▶ MATERIAL PROVIDED
= = =

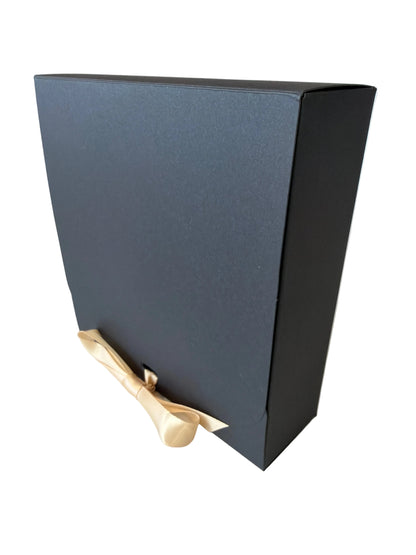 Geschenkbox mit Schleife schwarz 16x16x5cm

= = =

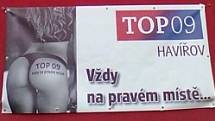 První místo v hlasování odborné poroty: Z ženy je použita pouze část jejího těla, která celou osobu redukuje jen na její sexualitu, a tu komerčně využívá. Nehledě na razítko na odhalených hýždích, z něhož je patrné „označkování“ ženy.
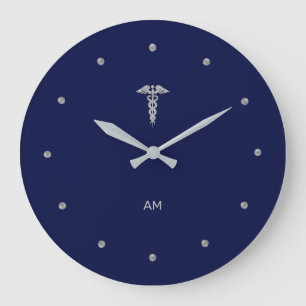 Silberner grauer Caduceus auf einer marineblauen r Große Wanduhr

= = =

▶ YOUR OBJECTIVE
Look above for the line with "První místo v" and copy exactly from it through the line with "Silberner grauer Caduceus", both included. Omit the pictures.

▶ EXERCISE SOLUTION
 První místo v hlasování odborné poroty: Z ženy je použita pouze část jejího těla, která celou osobu redukuje jen na její sexualitu, a tu komerčně využívá. Nehledě na razítko na odhalených hýždích, z něhož je patrné „označkování“ ženy.
 Silberner grauer Caduceus auf einer marineblauen r Große Wanduhr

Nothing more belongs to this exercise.